So, you’ve got your Token Triumph precon, and you want to make it better. In that case, you’ve come to the right place, as in this Token Triumph Upgrade Guide we’re going to discuss which cards will improve your new deck.
This is the first time I’m tackling a Commander Upgrade article, but I’ve already upgraded many decks – both precons, and various of my own builds. Anyway, Token Triumph is one of the first five Starter Commander decks. This means that since the deck is somewhat different from regular precons, it’ll get a bit different Upgrade Guide.
First, I’ll assume that you’re a newer player. This is why I’ll try to explain some cards into a lot of detail. (If you aren’t, you’ll still find great advice on which cards to upgrade the deck with.)
Doing a complete upgrade of the deck, in one go, can be overwhelming. That’s why, I’ll first recommend just three cards, which will immediately improve the deck significantly.
Then I’ll follow with some budget upgrades, these are cards that are good, yet fairly cheap. In the next section, we’ll throw our budget through the window, and take a look at some of the more expensive cards.

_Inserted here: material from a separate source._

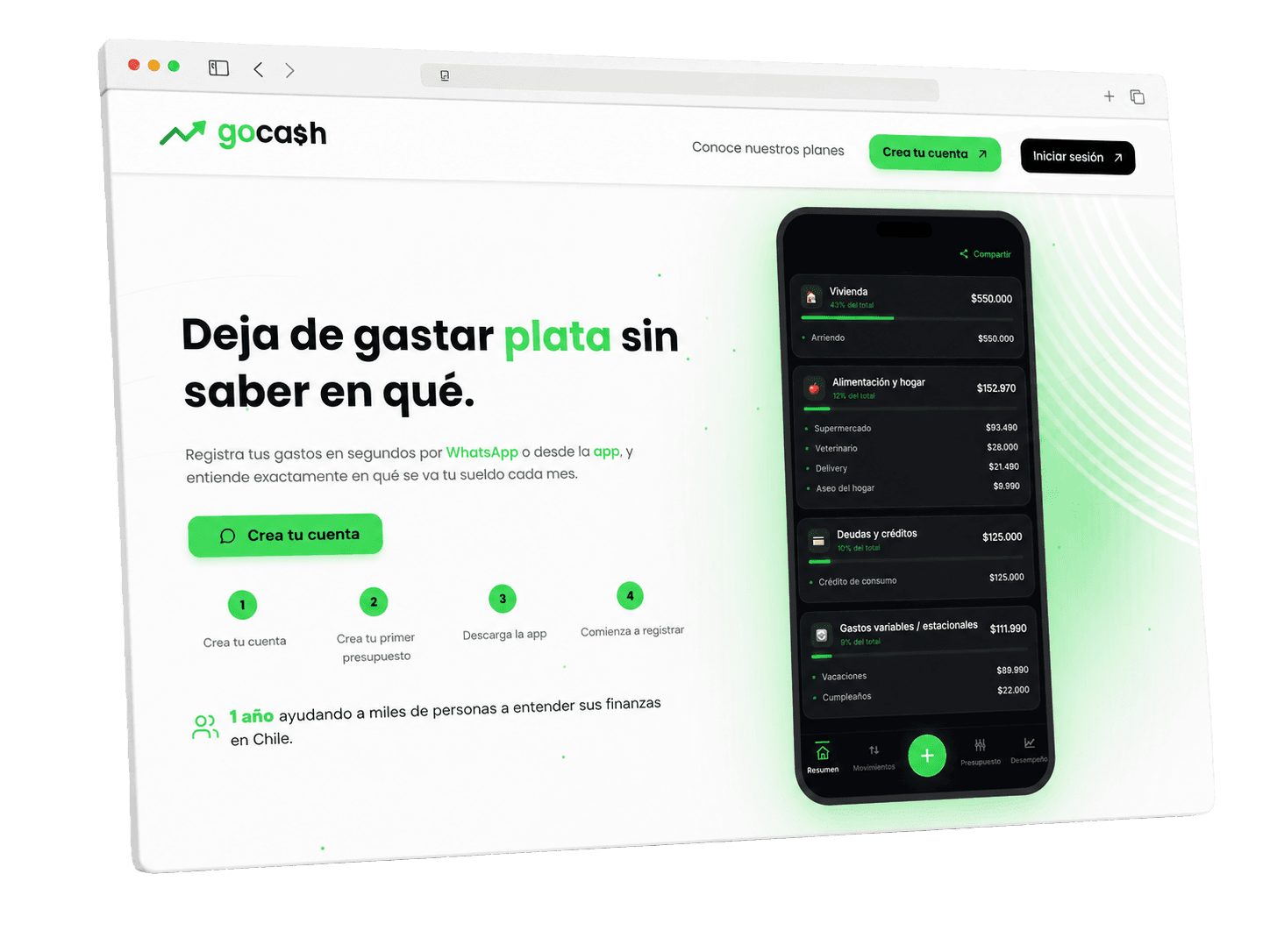 Sitio de Gocash en una ventana de navegador, con la app de control de gastos al lado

For a complete upgrade you’ll probably want to use cards from both sections, since just because a card is cheap, that doesn’t mean that it is weak.
At the end, I’ll give you some suggestions on which cards to cut, and provide a sample upgraded decklist. However, I’d recommend that you upgrade the deck in a way that feels best to you, and depending on your playgroup.
If you don’t already own the Token Triumph precon, you can buy one on Amazon. The great thing about the Starter deck is that they’re cheaper than the regular precons.
Token Triumph Decklist
Before we start with the upgrade, here’s the full decklist of the Token Triumph deck, right out of the box:
How to Upgrade Token Triumph Precon?
The best way to get direction for upgrading a Commander deck is to try to maximize its synergies with its commander. Emmara, Soul of the Accord is the cheapest commander in all five Starter decks, so you can expect to have her in play regularly. That means it’s especially important to build around her.
In order to improve it, you’ll need:
- Ways to tap Emmara
- Ways to untap Emmara (not necessarily, but they do come in handy)
- Cards that benefit from having lots of creatures
- Cards that improve tokens, have synergies with them
- Cards that are simply good
- Better mana base
With that said, let’s start finding the right cards.
Top 3 Cards to Upgrade Token Triumph
First up, here are the three best cards that you could upgrade your Token Triumph deck with. For this selection, I didn’t pay that much attention to their budget, but I did exclude some of the most expensive cards.
Cryptolith Rite lets all of your creatures tap for any color of mana. This works amazingly well in this deck, for two reasons. First, it’s another way to tap Emmara without exposing her in combat. Second, it can make you a ton of mana, as you’ll usually have a lot of tokens in play.
Getting mana advantage is one of the most important things in Commander. With Cryptolith Rite, you can do so, in a very synergistic way. Before we mentioned which things we need to improve this deck, and this enchantment checks almost all of them. So if you were to get only one card, it should be this one.
When you have lots of mana, you don’t want to run out of cards. Skullclamp is an excellent way to turn your 1/1 tokens into some serious card advantage.
It doesn’t work like your usual equipment would by buffing your creature’s stats. Instead, it allows you to pay 1 mana, sacrifice a 1/1 token in order to draw two cards. It isn’t amazing in every deck, but in this one, it’ll certainly perform well.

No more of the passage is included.